I've been reimplementing the fgrep utility in C for fun & study, and so had to implement the Aho-Corasick algorithm.
I'm trying to improve my C skills in general, so any and all feedback would be greatly appreciated.
The project is compiled using gcc and gnu17.
Thanks in advance :]
aho_corasick.h/c
/*
 * FILE: aho_corasick.h
 * ABOUT: Definitions for the aho-corasick string matching algorithm.
 *        See https://en.wikipedia.org/wiki/Aho%E2%80%93Corasick_algorithm
 */
#ifndef AHO_CORASIC_H
#define AHO_CORASIC_H
#include <stdlib.h>
#include <sys/queue.h>
struct ac_node;
typedef struct ac_node ac_node_t;
typedef struct ac_automaton {
    ac_node_t *root;
} ac_automaton_t;
/**
 * Creates a new automaton used in string matching.
 * @param words Dictionary of words to be matched against.
 * @param wc Number of words in words.
 * @return An automaton build from the dictionary.
 */
ac_automaton_t new_automaton(const char **words, size_t wc);
/**
 * Frees the memory allocated by the automaton.
 * @param automaton Automaton to be deleted.
 */
void delete_automaton(ac_automaton_t automaton);
typedef struct match
{
    size_t start, length;
    LIST_ENTRY(match) entries;
} match_t;
typedef LIST_HEAD(match_list_head, match) match_list_head_t;
/**
 * Frees the memory allocated by the match-list.

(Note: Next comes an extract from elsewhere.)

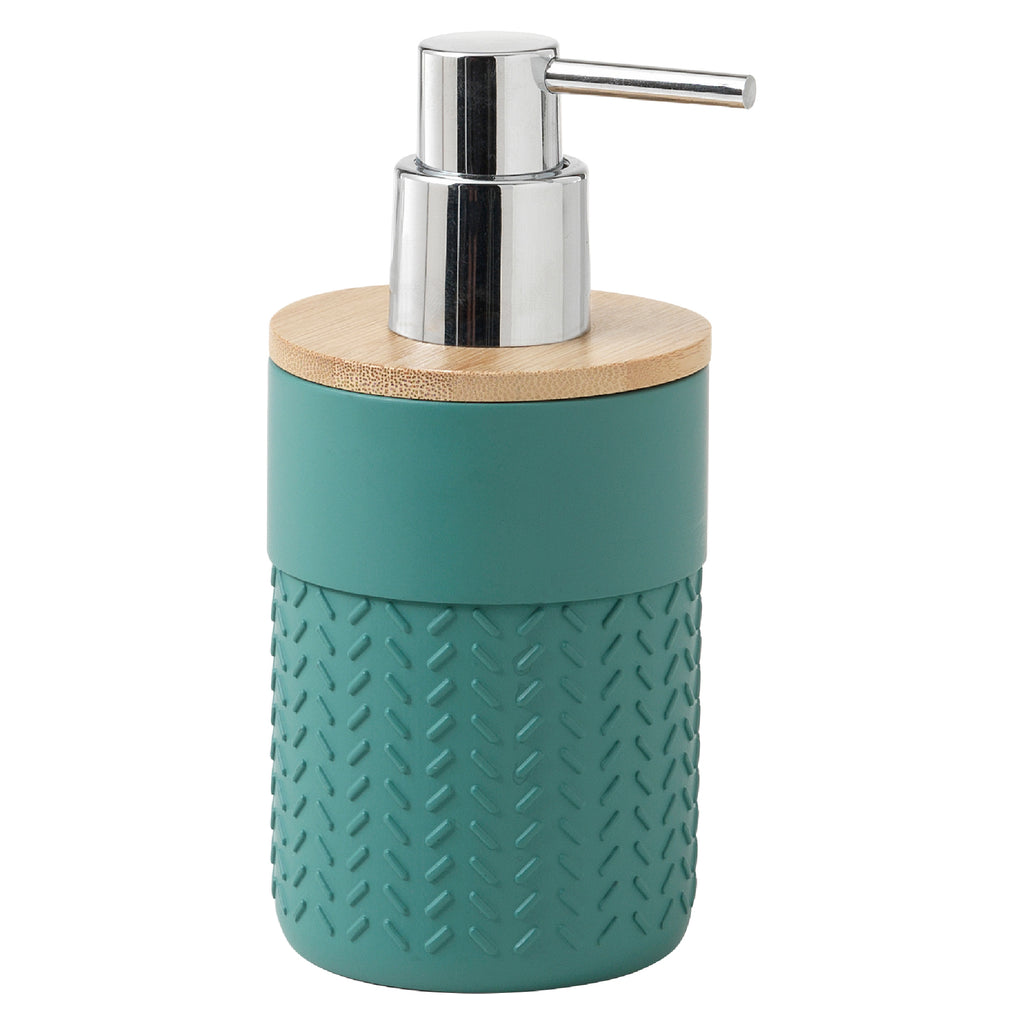Dispenser sapone con erogatore in plastica cromata Gedy serie Thea - Verde/Naturale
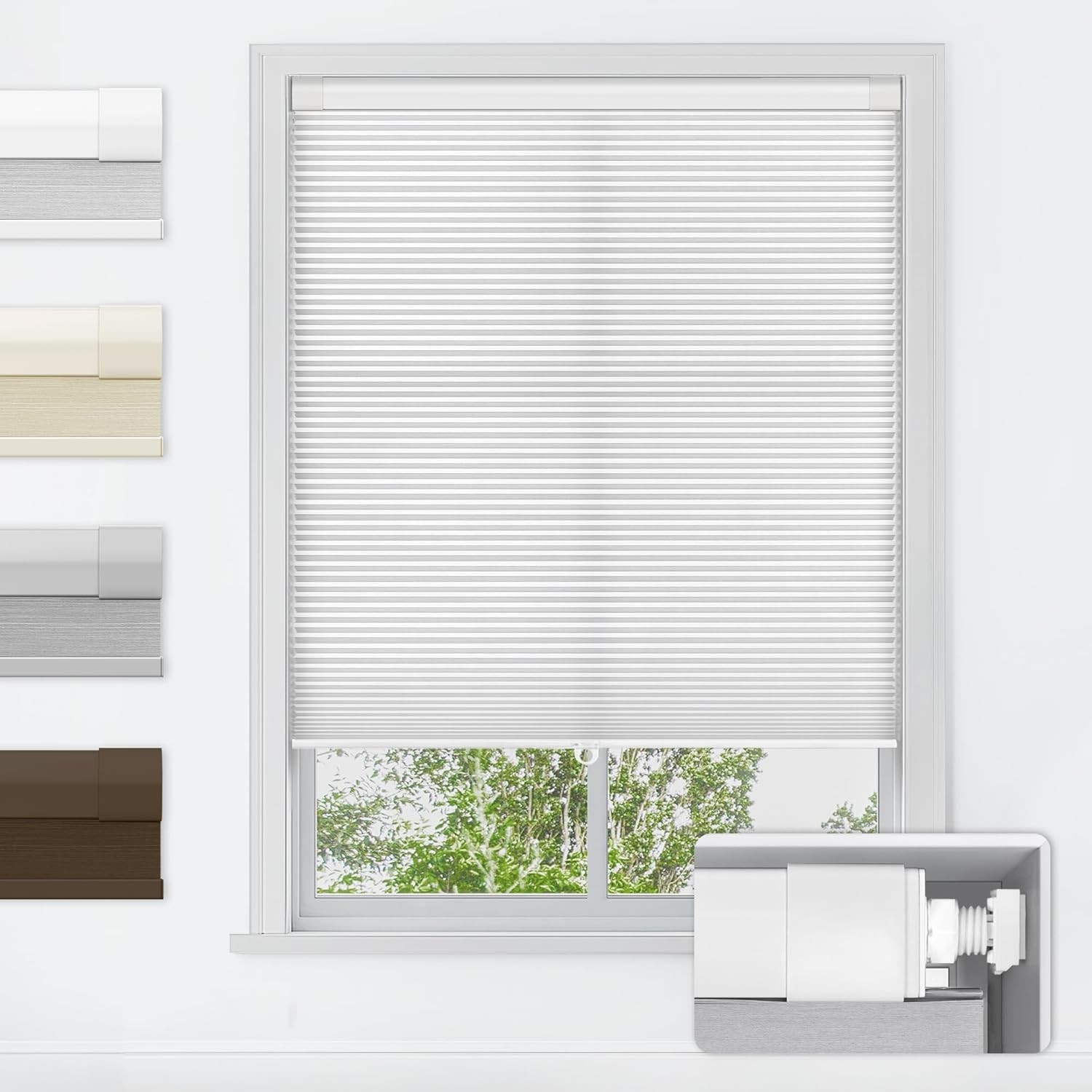 NEW LazBlinds Cordless Cellular Shades, 33'' W x 64'' H, Light Filtering-white gallery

 * @param head Head of the match-list to be deleted.
 */
void delete_match_list(match_list_head_t *head);
/**
 * Finds all substring matching an of the automatons dictionary.
 * @param str String to be searched.
 * @param automaton Automaton used in matching.
 * @return A list of matches in order of appearence in str.
 */
match_list_head_t *match(const char *str, const ac_automaton_t automaton);
#endif
/*
 * FILE: aho_corasick.c
 * ABOUT: Implementation of the aho-corasick string matching algorithm defined in aho_corasick.h.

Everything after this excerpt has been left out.